Auf den insgesamt 27 touristischen Informationstafeln, die mit dem Logo der Gärten mit Geschichte ausgestattet sind, finden die Besucher Informationen zum Netzwerk der 15 Gärten mit entsprechender Übersichtskarte sowie eine konkrete Objektbeschreibung des jeweiligen Parks beziehungsweise Gartens. „Durch die gemeinsame Präsentation und touristische Vernetzung werden wir die Betreiber motivieren, ihre Park- bzw. Gartenanlagen weiterzuentwickeln und für die Gäste attraktiv zu gestalten. Das Projekt setzt Impulse für eine innovative Regionalentwicklung und einen nachhaltigen Tourismus im Saarpfalz-Kreis und der Biosphäre Bliesgau“, so Landrat Dr. Theophil Gallo abschließend bei der offiziellen Einweihung. Die Informationstafeln ergänzen in idealer Art und Weise die bisherigen Aktivitäten für die touristische Vermarktung der Gärten mit Geschichte, so wird beispielsweise jährlich ein Veranstaltungskalender für die Gärten mit Geschichte publiziert, der leider in diesem Jahr aufgrund von Corona nur digital abrufbar war.

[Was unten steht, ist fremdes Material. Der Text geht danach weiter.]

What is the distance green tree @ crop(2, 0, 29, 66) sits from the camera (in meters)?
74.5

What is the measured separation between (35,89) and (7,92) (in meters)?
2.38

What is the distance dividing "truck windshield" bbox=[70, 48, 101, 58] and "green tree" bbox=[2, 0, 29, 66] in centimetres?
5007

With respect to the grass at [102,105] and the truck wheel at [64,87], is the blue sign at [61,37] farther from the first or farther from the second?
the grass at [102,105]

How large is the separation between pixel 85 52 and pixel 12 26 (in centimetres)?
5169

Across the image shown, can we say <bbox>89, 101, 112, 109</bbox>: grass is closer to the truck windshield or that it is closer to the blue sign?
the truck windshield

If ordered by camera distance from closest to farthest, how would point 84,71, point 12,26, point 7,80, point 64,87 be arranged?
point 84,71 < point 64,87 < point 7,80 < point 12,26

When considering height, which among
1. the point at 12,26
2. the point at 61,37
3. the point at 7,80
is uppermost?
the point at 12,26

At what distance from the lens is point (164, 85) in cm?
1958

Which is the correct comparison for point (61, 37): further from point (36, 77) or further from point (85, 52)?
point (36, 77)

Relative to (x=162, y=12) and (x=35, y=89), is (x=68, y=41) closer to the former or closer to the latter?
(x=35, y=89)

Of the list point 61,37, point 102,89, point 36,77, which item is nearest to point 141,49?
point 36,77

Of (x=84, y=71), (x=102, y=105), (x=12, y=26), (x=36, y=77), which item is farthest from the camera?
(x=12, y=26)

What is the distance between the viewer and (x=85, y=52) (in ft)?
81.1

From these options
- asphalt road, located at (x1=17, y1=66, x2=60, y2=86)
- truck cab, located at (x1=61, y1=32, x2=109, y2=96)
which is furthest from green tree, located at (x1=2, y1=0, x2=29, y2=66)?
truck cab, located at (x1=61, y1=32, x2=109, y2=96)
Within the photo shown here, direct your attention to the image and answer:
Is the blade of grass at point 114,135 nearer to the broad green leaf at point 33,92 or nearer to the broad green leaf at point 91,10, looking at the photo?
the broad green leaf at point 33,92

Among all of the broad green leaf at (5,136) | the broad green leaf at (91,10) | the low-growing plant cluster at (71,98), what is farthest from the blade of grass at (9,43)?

Die LEADER-Förderung unterstützt die nachhaltige touristische Entwicklung

Der LEADER-Förderantrag wurde von der Saarpfalz-Touristik bei der Lokalen Aktionsgruppe (LAG) Biosphärenreservat Bliesgau gestellt. Die Lokale Aktionsgruppe bewertete den Antrag positiv und leitete zur Förderung aus LEADER-Mitteln an das Ministerium für Umwelt und Arbeitsschutz weiter. Auch im Ministerium wurde die touristische Vernetzung der Gärten mit Geschichte positiv bewertet, sodass eine Zuwendung aus Mitteln des Landes und der Europäischen Union (Europäischer Landwirtschaftsfonds für die Entwicklung des ländlichen Raumes – ELER) nach dem Saarländischen Entwicklungsplan für den ländlichen Raum 2014 – 2020 (SEPL 2014-2020) im Rahmen von LEADER in Höhe von 62.365,15 € gewährt wurde.